■ **Available data**
================================
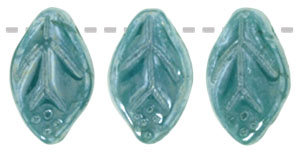 Leaves 12 x 7mm : Luster - Turquoise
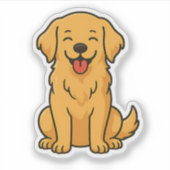 Happy Golden Retriever Dog – Cute Funny Pets シール (正面)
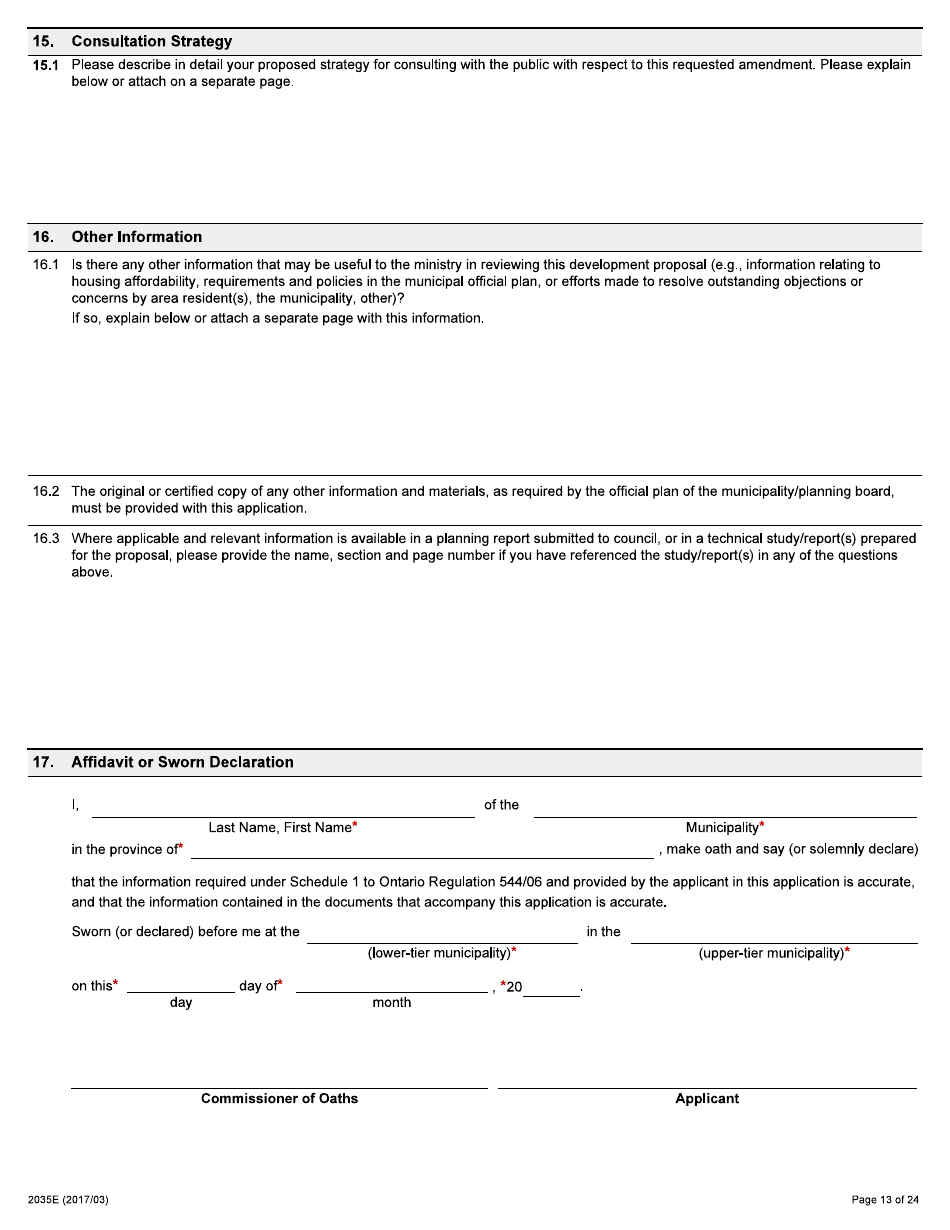 Form 2035E Application for Approval of a Plan of Subdivision and Condominium - Ontario, Canada, Page 13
================================
■ **What the task asks**
What you return must match the material above exactly, apart from its pictures.

■ **Output for this exercise**
 Leaves 12 x 7mm : Luster - Turquoise
 Happy Golden Retriever Dog – Cute Funny Pets シール (正面)
 Form 2035E Application for Approval of a Plan of Subdivision and Condominium - Ontario, Canada, Page 13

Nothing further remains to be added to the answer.